In analyzing responses from 314 parent-child pairs, and 201 (64%) had guns in the house. While the researchers found that 39 percent of parents, particularly mothers, said that their child did not know where they stored the gun and 22 percent said their child had never handled the family gun, this was contradicted by the child’s response.
“Parents who locked their guns away and discussed gun safety with their children were as likely to be contradicted as parents who did not take such safety measures,” report Dr. Frances Baxley from San Francisco General Hospital and Dr. Matthew Miller from Harvard School of Public Health in Boston.
Children younger than age 10 were as likely has older children to reporting knowing the location of the stored gun, according to the study findings, published in the Archives of Pediatrics and Adolescent Medicine.
“Our study suggests that parents should take every effort to prevent their children from gaining access to guns in the home and never assume that counseling children about gun safety is the only precaution necessary to keep them safe,” Miller told Reuters Health.
The findings, Miller added, “support recommendations from the American Pediatrics Association that, because of children’s natural impulsiveness, curiosity and inability to always know the difference between what is a toy and a dangerous firearm, the best way to keep children safe from guns is to not store guns in the home.”
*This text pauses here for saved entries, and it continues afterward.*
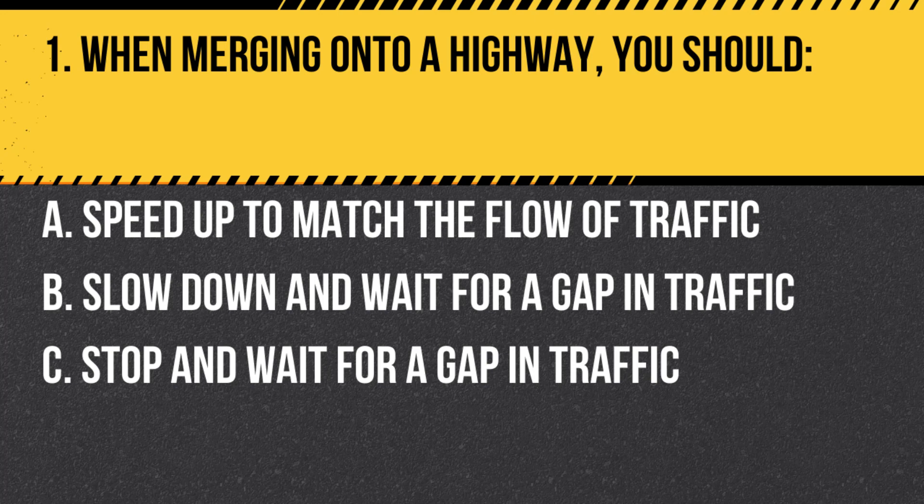Question 1. When merging onto a highway, you should: A. Speed up to match the flow of traffic. B. Slow down and wait for a gap in traffic. C. Stop and wait for a gap in traffic. Answer: A. Speed up to match the flow of traffic. When merging onto a highway, you should speed up to match the flow of traffic and merge when it is safe to do so.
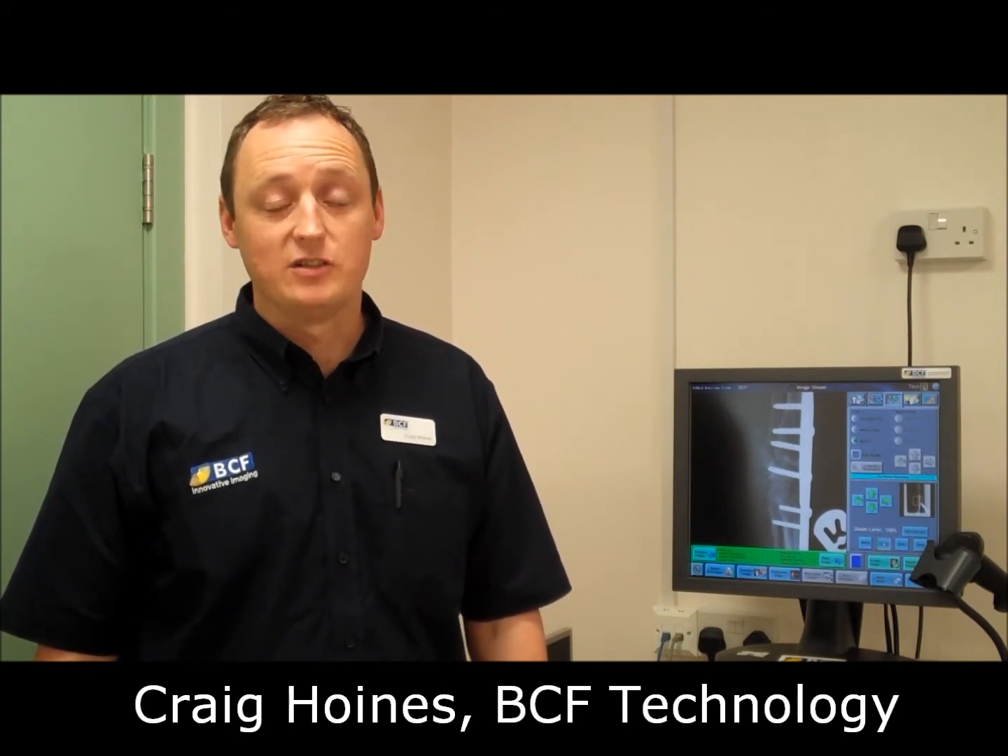Welcome to the Classic CR system from BCR Technology. The CR Classic has excellent image quality and is very easy to use. It is designed for high to medium throughput, so it will be used for general practices and at referral level. The CR Classic is designed and manufactured by Carestream, whom you may know as Kodak.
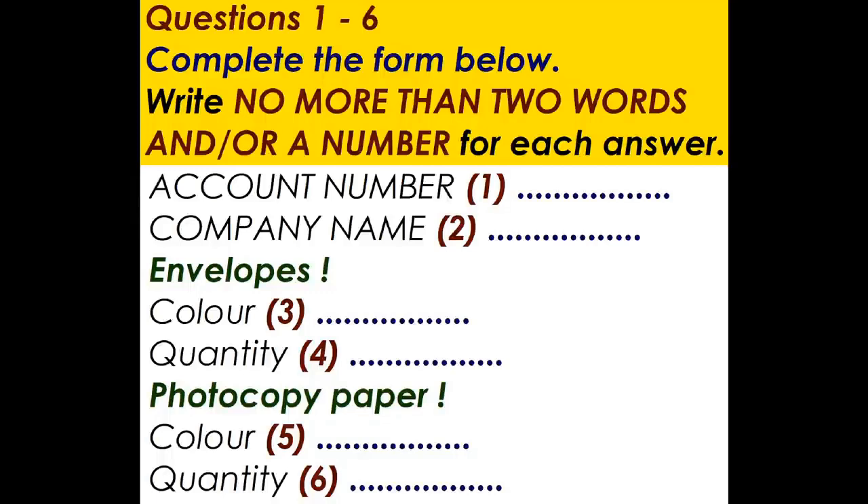Sure. The account number is 692411. 692411. Right. And you're from Rainbow Computers? No, the company is Rainbow Communications. OK, I'll just fix that on the system. Communications.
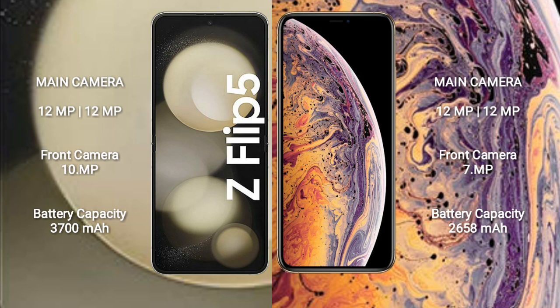Samsung Galaxy Z Flip 5 has a 3,700 mAh battery with 25W fast charging support. iPhone XS has a 2,658 mAh battery with 15W fast charging support.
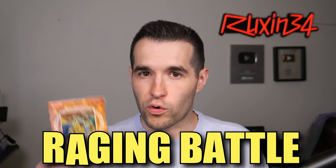In today's video, we're opening Raging Battle Special Editions for some of Yu-Gi-Oh's rarest and craziest cards.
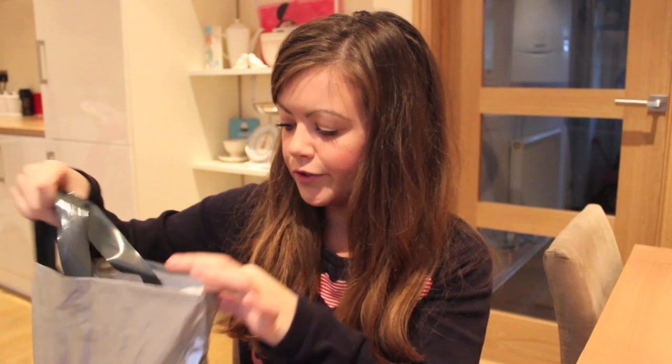Hi everyone, so today I'm going to film another haul. Me and my dad and Ellie went out - I think it was last week - and everything's been sitting in the bags. Ellie's granddad took us out and we got a few things. I think a few things are for Christmas. We had a really nice day out and went for lunch. We went into Debenhams and Next. I'm really sorry if the lighting's really orange but it's so dark outside, so I had to put on the actual light.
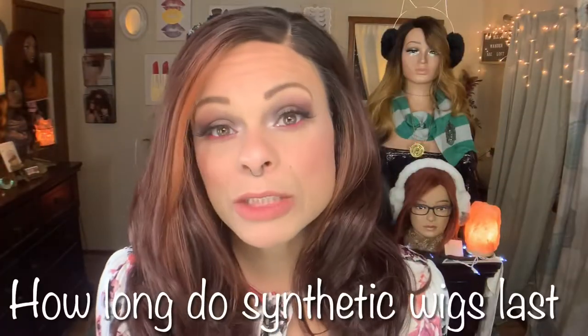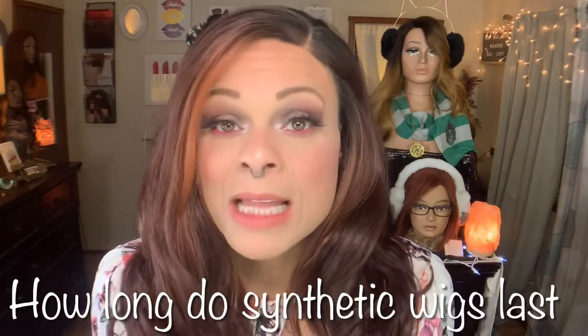These are in no particular order, and I will link all of these videos down below. The first one is how long do synthetic wigs last? This is a question I get a lot, especially from newer wig wearers. This video is going to go in depth on how long they last, why, how you can make them last longer, and all of that. So that's definitely one you're going to want to watch.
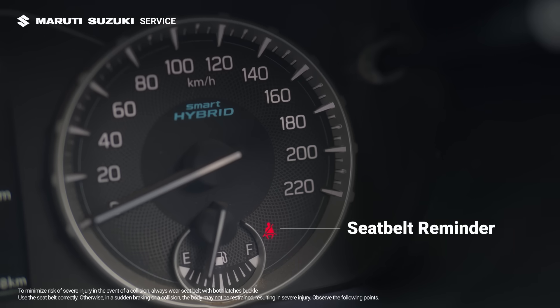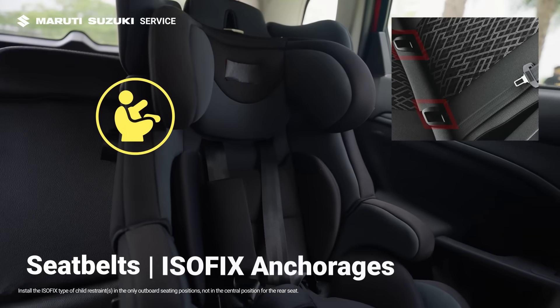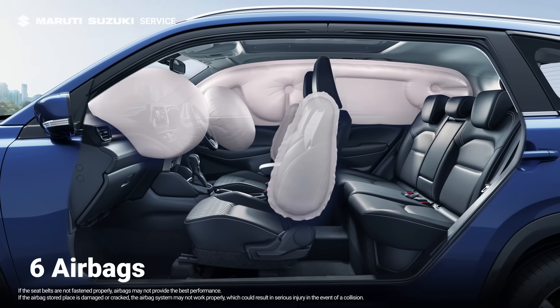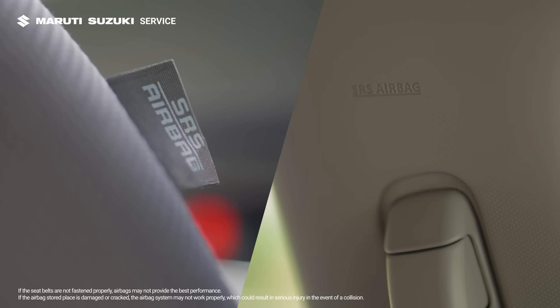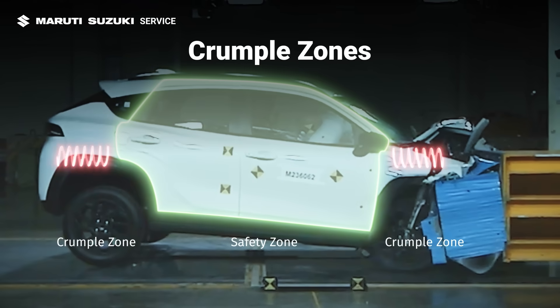Your safety starts with precision. The seat belts secure you firmly, while ISOFIX anchorages ensure your child's seat is just as protected. And with six airbags as standard across variants, every passenger is protected from every angle. Crumple zones are designed to absorb and disperse impact energy, reducing the force on the cabin.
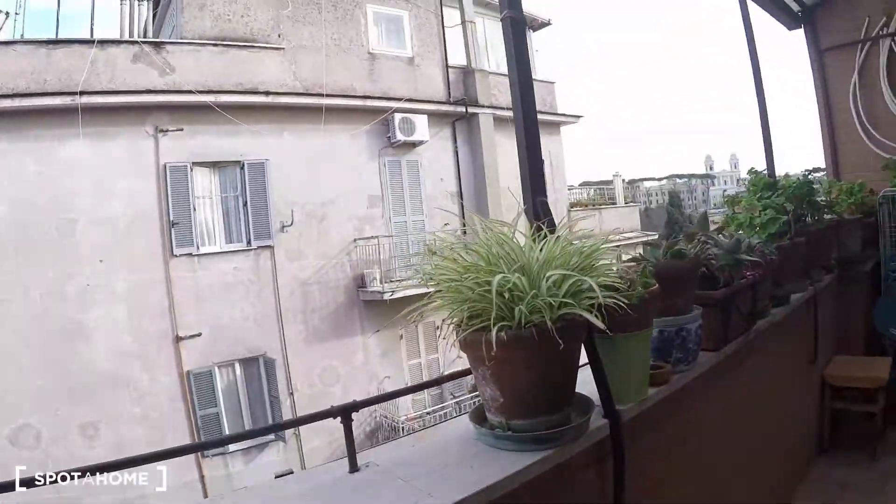So that's it. I just showed you the apartment at Via Italiana, I hope you have enjoyed it. This was Issa for Spata Home Rom. See you soon, bye-bye.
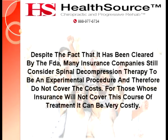Despite the fact that it has been cleared by the FDA, many insurance companies still consider spinal decompression therapy to be an experimental procedure and therefore do not cover the costs. For those whose insurance will not cover this course of treatment, it can be very costly.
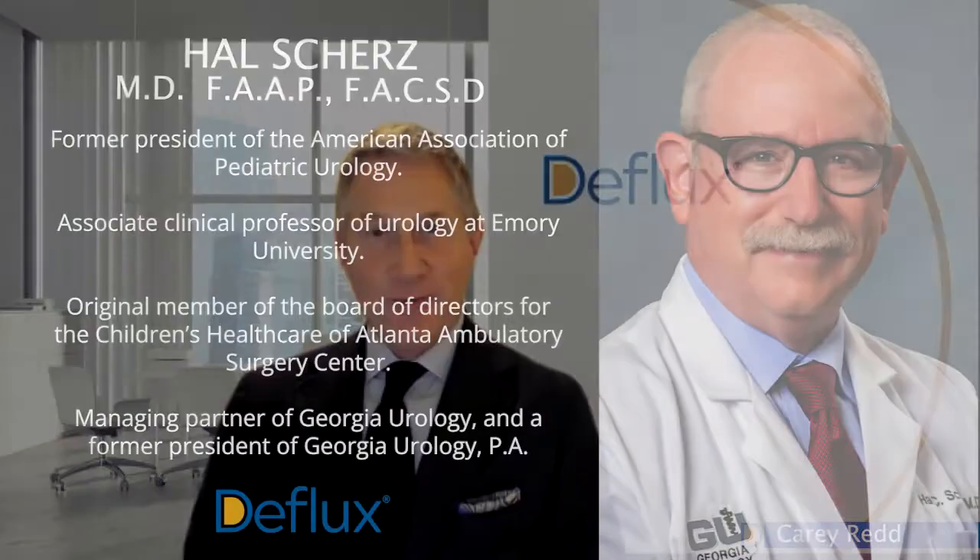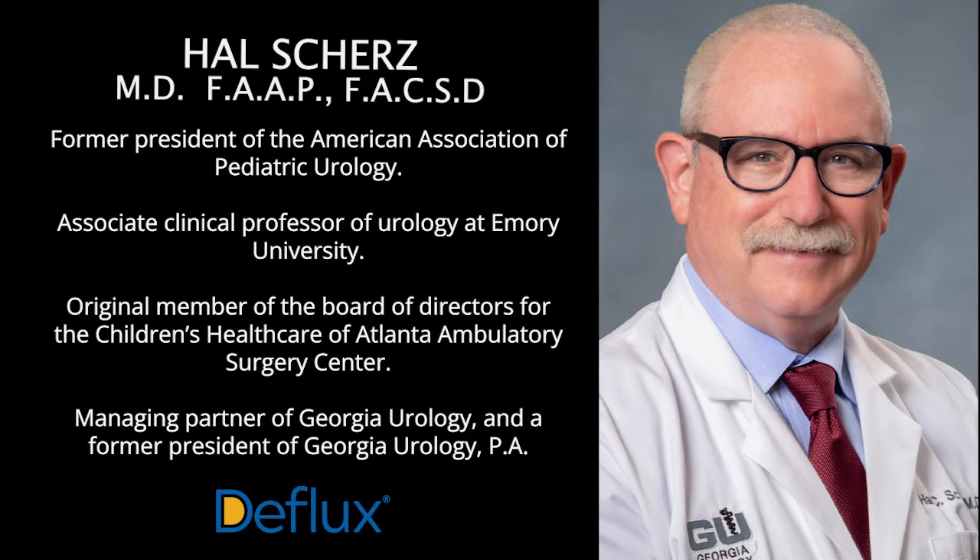Welcome to the Deflux for VUR YouTube channel. I'm Kerry Redd, training and education lead for Pallet Life Sciences. Today we're joined by my friend Hal Schurz. Today we're going to talk about case studies that look at the various types of children who are often diagnosed with urinary reflux. I'll read a description of a child and you'll tell us how you're going to take care of them.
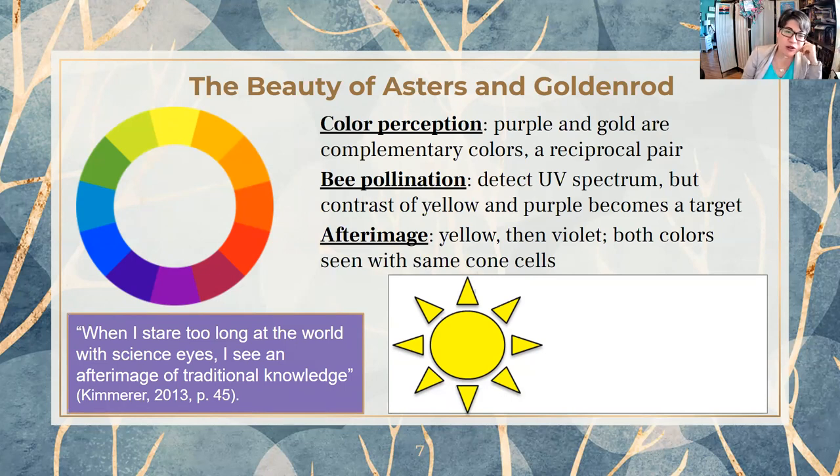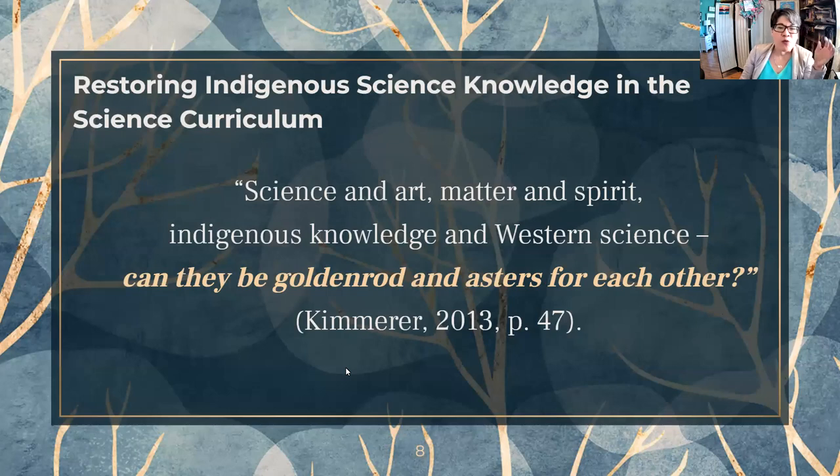That's kind of my question as I go through my journey as a science teacher and education researcher, trying to learn about how indigenous science can be restored into the science curriculum. What is the role of each, and how do they fit? Sometimes indigenous science knowledge and IFA seem out of place from the traditional science curriculum, and sometimes it's hard to know how to navigate that.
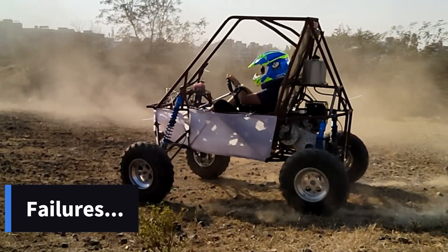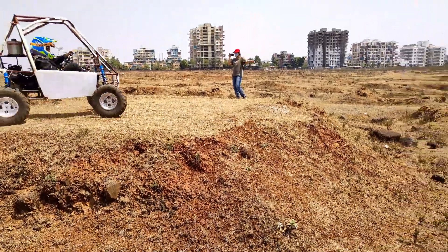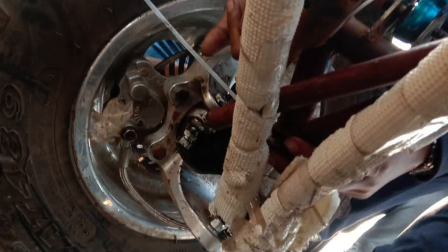The testing phase along with it brings a fair share of failure. But for us, stopping is not an option. We build, fix, tune and repeat. Come what may, even if it means pulling the car out of control.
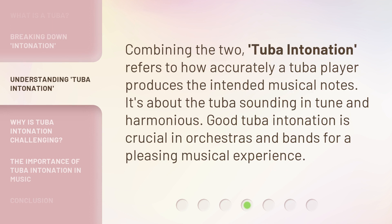Combining the two, tuba intonation refers to how accurately a tuba player produces the intended musical notes. It's about the tuba sounding in tune and harmonious. Good tuba intonation is crucial in orchestras and bands for a pleasing musical experience.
“If parents must keep guns in the home,” Miller said, “it is incumbent upon them to make sure that all household firearms are securely locked away, preferably in a gun safe that absolutely can not be accessed by anyone other than the parents themselves.”
Just this week, Miller noted, a New York City police officer’s 9-year-old son accidentally shot himself in his family’s Long Island home. As of Monday, the boy was in critical condition on life support.
“These tragedies occur every 2 to 3 days among our nation’s children—and are preventable, but only if parents recognize that they must make absolutely sure that their child can not gain access to household firearms,” Miller said.